### SOURCE MATERIAL
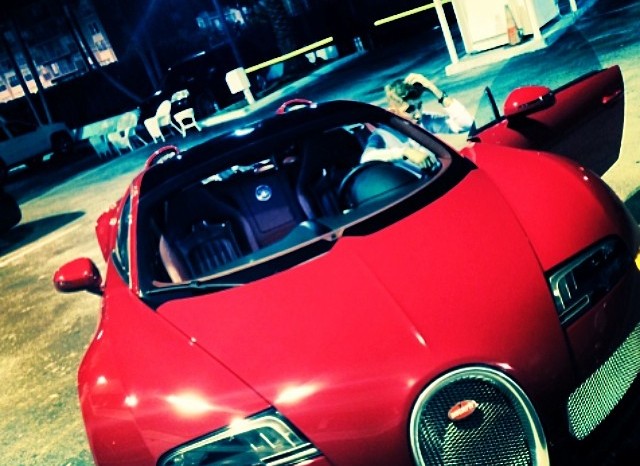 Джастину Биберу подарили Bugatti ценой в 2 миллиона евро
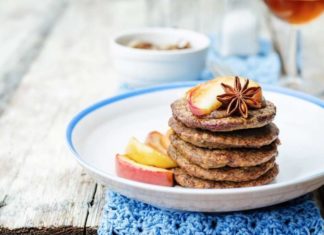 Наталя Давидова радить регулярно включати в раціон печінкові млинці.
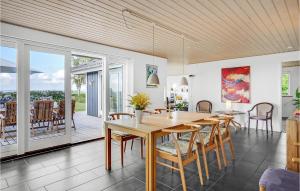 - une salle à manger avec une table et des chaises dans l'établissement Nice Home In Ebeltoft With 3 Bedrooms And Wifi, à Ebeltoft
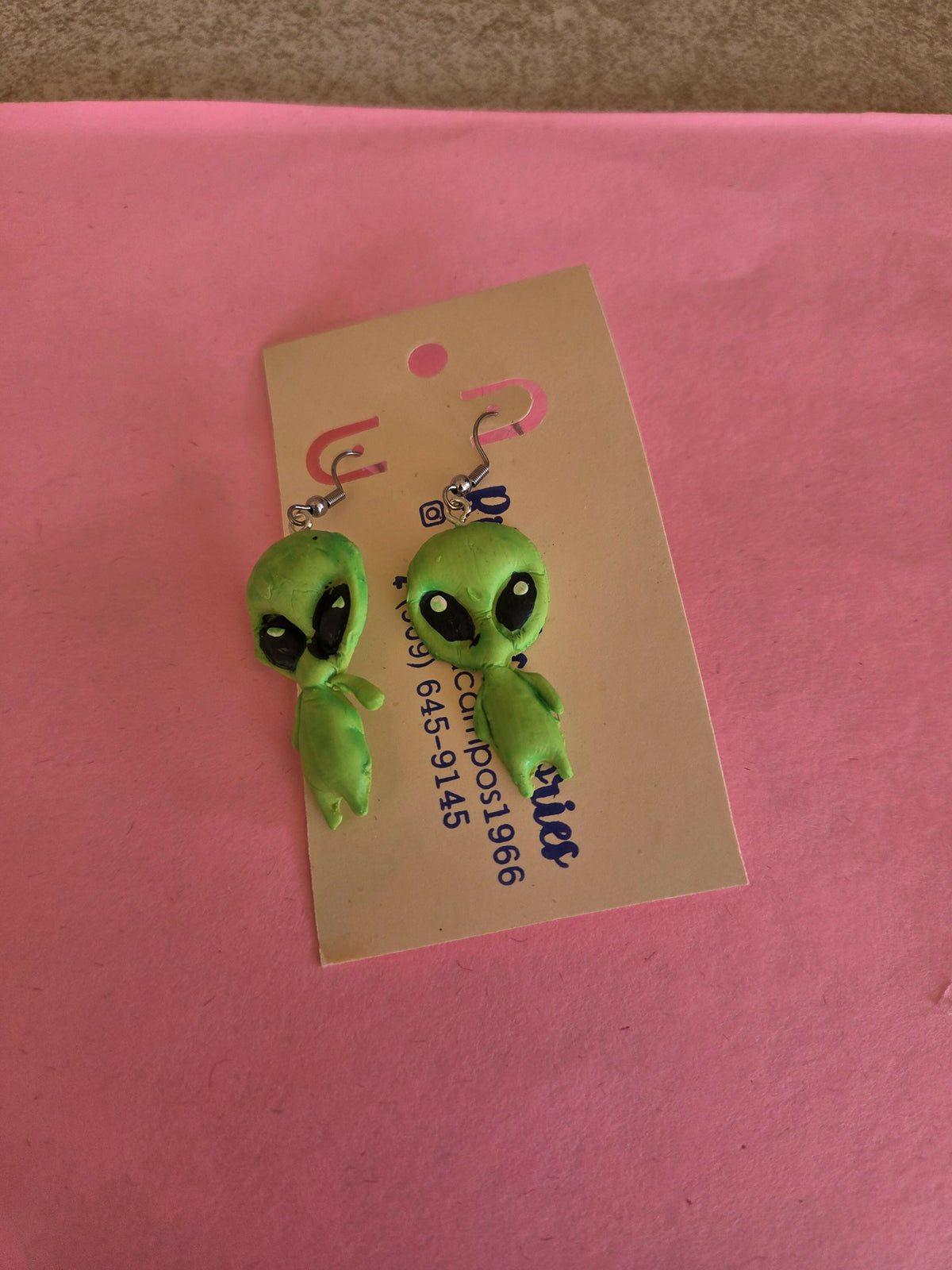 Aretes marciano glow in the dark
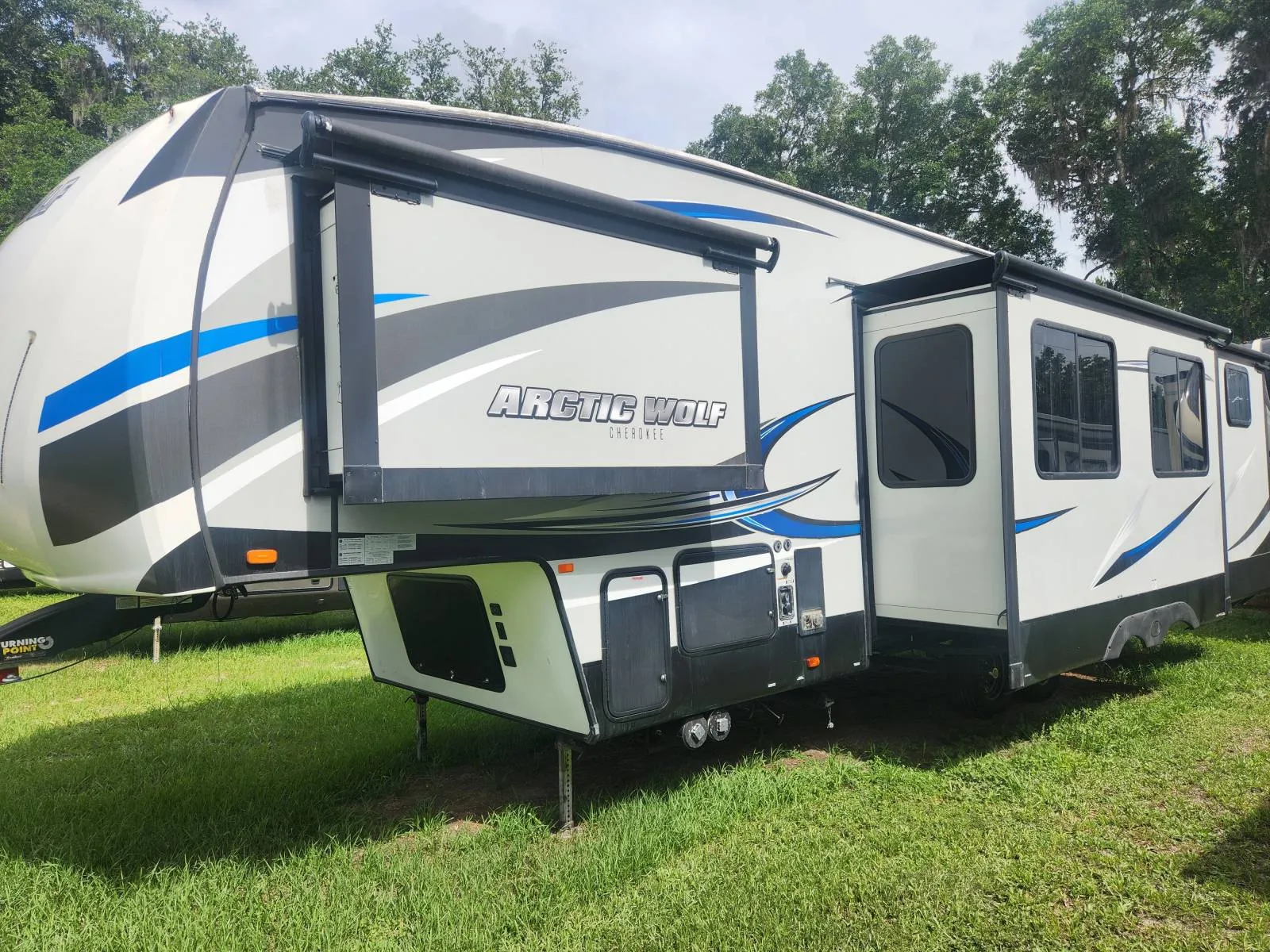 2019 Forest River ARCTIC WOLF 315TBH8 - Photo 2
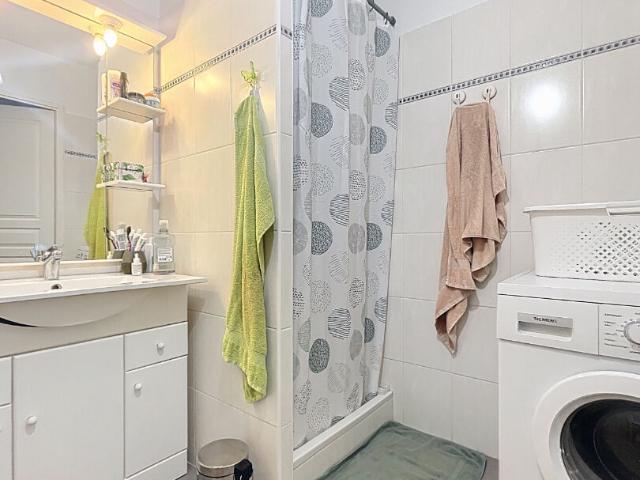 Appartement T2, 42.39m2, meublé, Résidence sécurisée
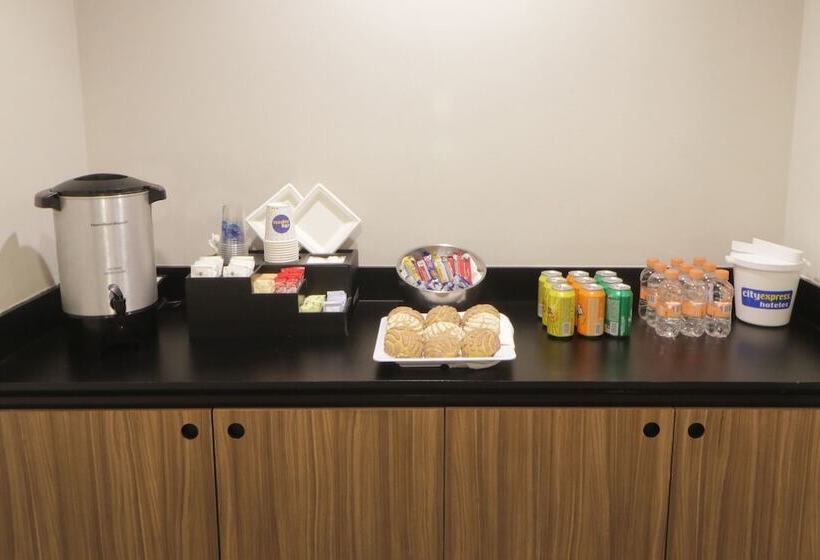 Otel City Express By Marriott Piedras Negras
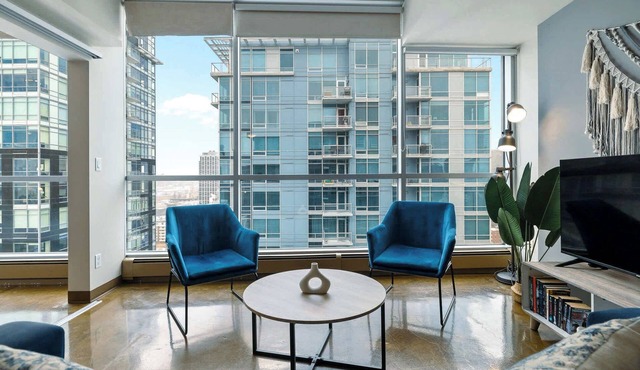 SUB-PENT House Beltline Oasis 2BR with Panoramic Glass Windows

### YOUR ASSIGNMENT
What the reply must contain is an exact transcription of the data above and none of its pictures.

### RESPONSE TO THE TASK
 Джастину Биберу подарили Bugatti ценой в 2 миллиона евро
 Наталя Давидова радить регулярно включати в раціон печінкові млинці.
 - une salle à manger avec une table et des chaises dans l'établissement Nice Home In Ebeltoft With 3 Bedrooms And Wifi, à Ebeltoft
 Aretes marciano glow in the dark
 2019 Forest River ARCTIC WOLF 315TBH8 - Photo 2
 Appartement T2, 42.39m2, meublé, Résidence sécurisée
 Otel City Express By Marriott Piedras Negras
 SUB-PENT House Beltline Oasis 2BR with Panoramic Glass Windows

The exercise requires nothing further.